═══ Given material

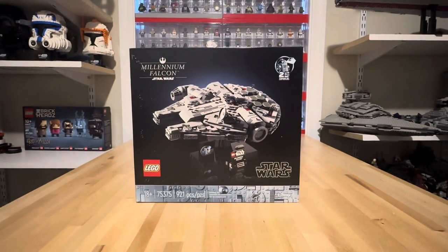Howdy everybody and welcome back to the channel. It's me, Brick Travi, and today we're taking a look at set number 75375 at 921 pieces, the Millennium Falcon Micro.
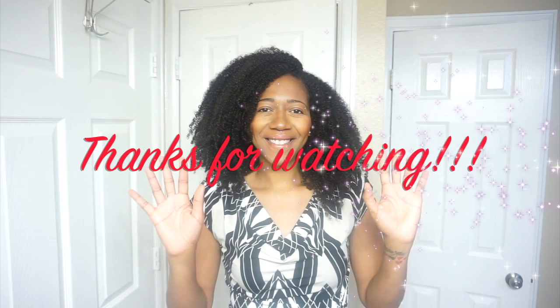If you guys have any questions, leave them in the comment section below. Don't forget to give this video a thumbs up and subscribe to my channel. Until next time, thanks for watching, bye!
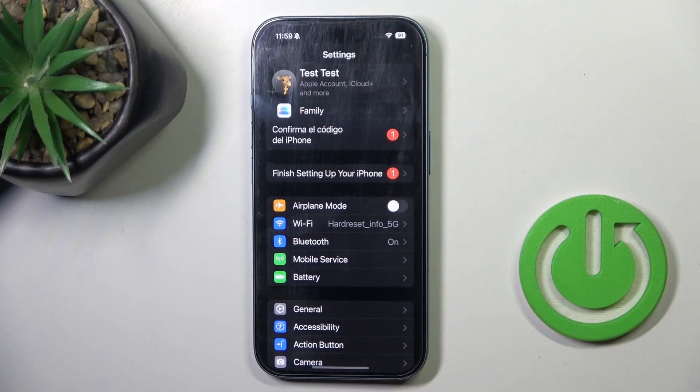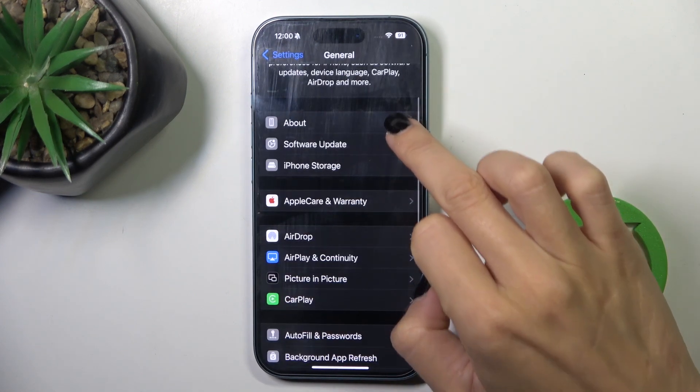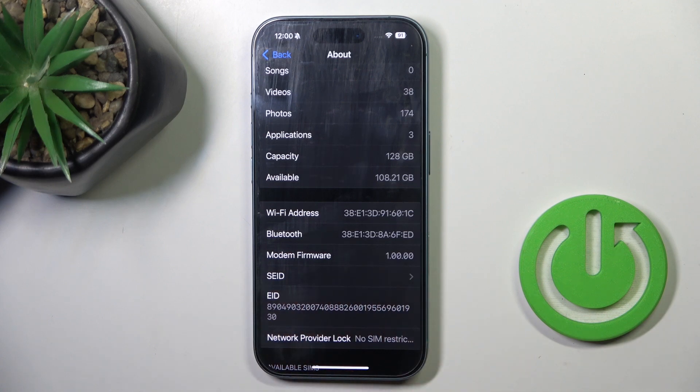First of all, open the Settings, then find and select General, go to About, scroll down, and here you've got modem firmware.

══════

What the answer must hold is the exact text of every line from the one containing "If you guys" through the end of the data, minus any pictures.

■ Exercise result
If you guys have any questions, leave them in the comment section below. Don't forget to give this video a thumbs up and subscribe to my channel. Until next time, thanks for watching, bye!
First of all, open the Settings, then find and select General, go to About, scroll down, and here you've got modem firmware.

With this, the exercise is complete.